» ABOUT THIS EXERCISE
No pictures go into the copy. Write out every line below exactly.

» AVAILABLE DATA

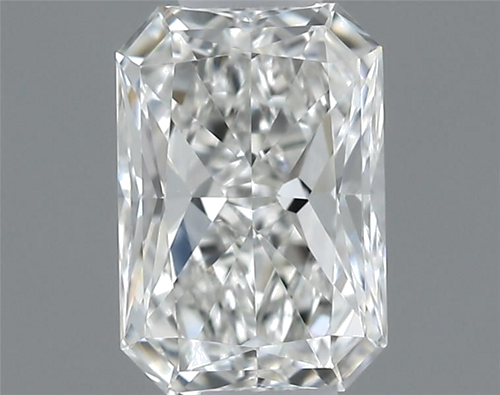 0.41 carat G-IF Natūralus Radiant Deimantas (1)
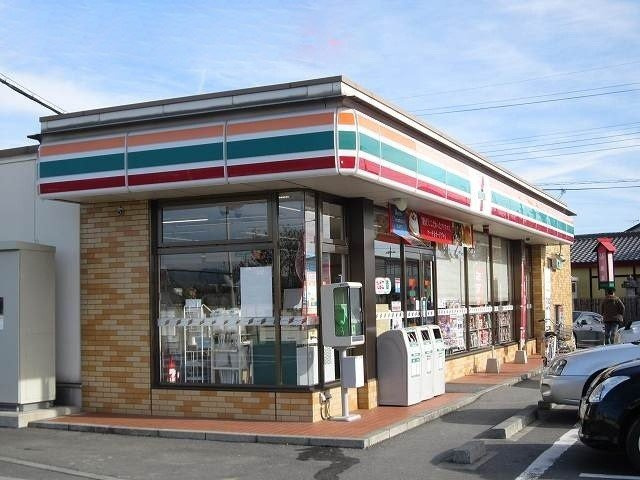 ヴェル・カーサの周辺|セブンイレブン前橋二之宮店まで1100m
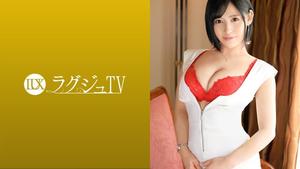259LUXU-1542 Luxury TV 1529 A dynamite body esthetician makes an AV appearance in search of an older man! While shaking the plump breast violently and overflowing the joy juice, leaking annoying pant and Iki all the time!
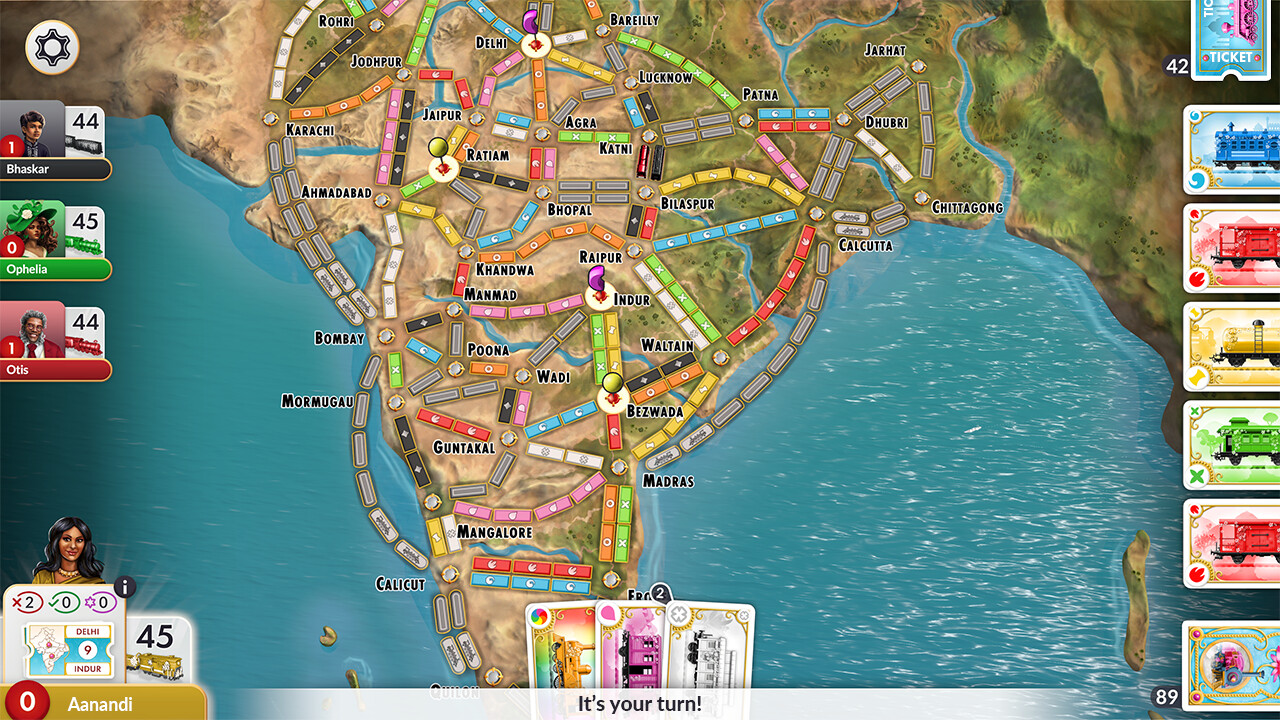 Ticket to Ride®: Round the World Ticket Screenshot 5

» RESULT OF THE TASK
 0.41 carat G-IF Natūralus Radiant Deimantas (1)
 ヴェル・カーサの周辺|セブンイレブン前橋二之宮店まで1100m
259LUXU-1542 Luxury TV 1529 A dynamite body esthetician makes an AV appearance in search of an older man! While shaking the plump breast violently and overflowing the joy juice, leaking annoying pant and Iki all the time!
 Ticket to Ride®: Round the World Ticket Screenshot 5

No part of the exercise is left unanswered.